## WHAT YOU WILL DO
Restate word for word each line from the one containing "Skeels Rd, Montague, MI 49437" through the end of the material, and nothing more. Drop every picture.
*** Block opens ***
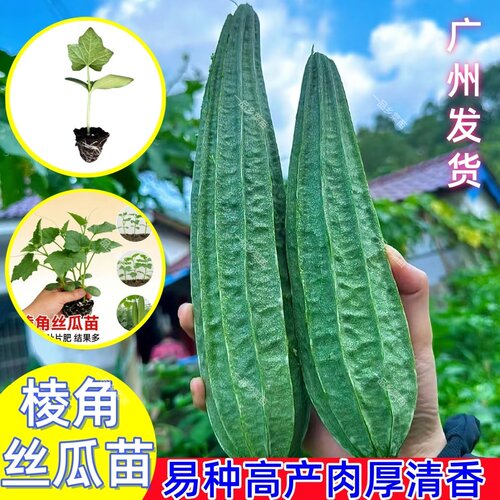 棱角丝瓜苗高产八角棱丝瓜苗长丝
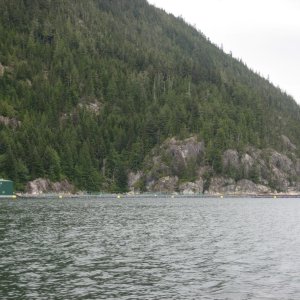 Clio Channel Salmon Farm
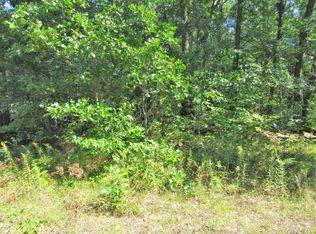 Skeels Rd, Montague, MI 49437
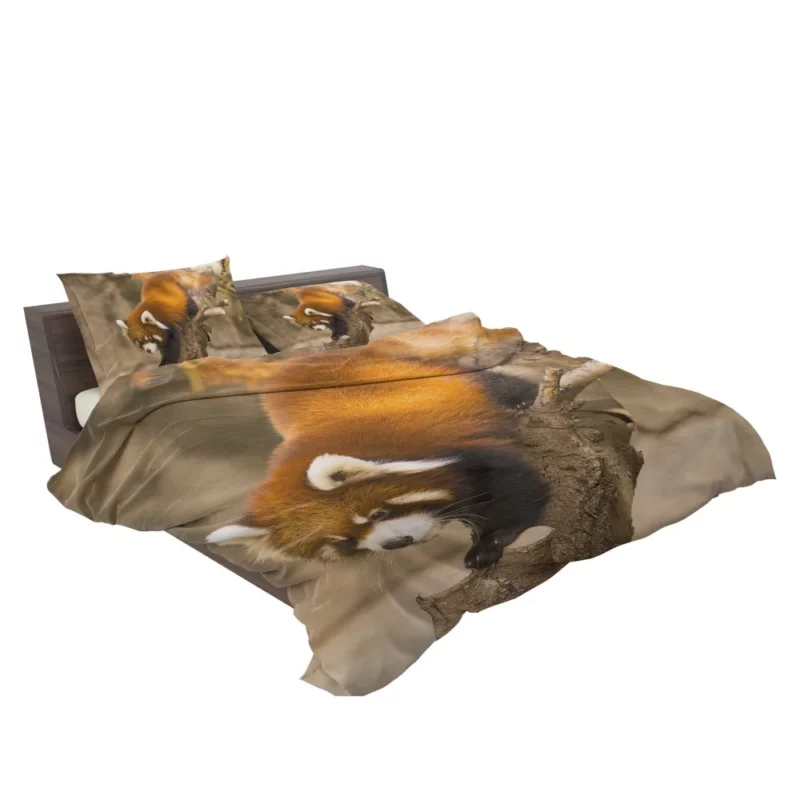 Red Panda Chicago Adventure Bedding Set 2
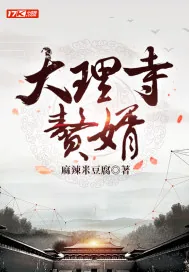 《大理寺赘婿》小说封面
*** Block closes ***
## EXERCISE OUTPUT
 Skeels Rd, Montague, MI 49437
 Red Panda Chicago Adventure Bedding Set 2
 《大理寺赘婿》小说封面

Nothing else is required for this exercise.